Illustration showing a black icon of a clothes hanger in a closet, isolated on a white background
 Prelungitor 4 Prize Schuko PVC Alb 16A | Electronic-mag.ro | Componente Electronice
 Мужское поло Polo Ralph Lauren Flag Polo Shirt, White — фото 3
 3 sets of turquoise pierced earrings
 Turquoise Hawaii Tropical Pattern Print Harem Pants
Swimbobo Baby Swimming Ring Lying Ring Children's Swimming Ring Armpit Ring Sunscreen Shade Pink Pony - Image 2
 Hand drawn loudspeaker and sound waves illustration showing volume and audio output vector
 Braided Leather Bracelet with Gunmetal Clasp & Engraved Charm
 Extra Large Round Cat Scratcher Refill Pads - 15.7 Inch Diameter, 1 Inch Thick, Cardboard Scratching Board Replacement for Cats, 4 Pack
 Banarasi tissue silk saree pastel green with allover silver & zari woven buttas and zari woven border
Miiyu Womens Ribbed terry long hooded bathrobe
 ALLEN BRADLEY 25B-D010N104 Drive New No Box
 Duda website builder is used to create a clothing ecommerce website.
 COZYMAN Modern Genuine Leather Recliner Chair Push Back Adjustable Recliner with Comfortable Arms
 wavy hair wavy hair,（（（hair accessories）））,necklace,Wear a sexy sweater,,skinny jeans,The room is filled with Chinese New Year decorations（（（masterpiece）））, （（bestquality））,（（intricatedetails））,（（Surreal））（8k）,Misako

____

* **TASK DESCRIPTION**: Nothing but the lines from the line that contains "Duda website builder" to the last line of the records above should appear in the answer; please copy them exactly.

* **SOLUTION**:
 Duda website builder is used to create a clothing ecommerce website.
 COZYMAN Modern Genuine Leather Recliner Chair Push Back Adjustable Recliner with Comfortable Arms
 wavy hair wavy hair,（（（hair accessories）））,necklace,Wear a sexy sweater,,skinny jeans,The room is filled with Chinese New Year decorations（（（masterpiece）））, （（bestquality））,（（intricatedetails））,（（Surreal））（8k）,Misako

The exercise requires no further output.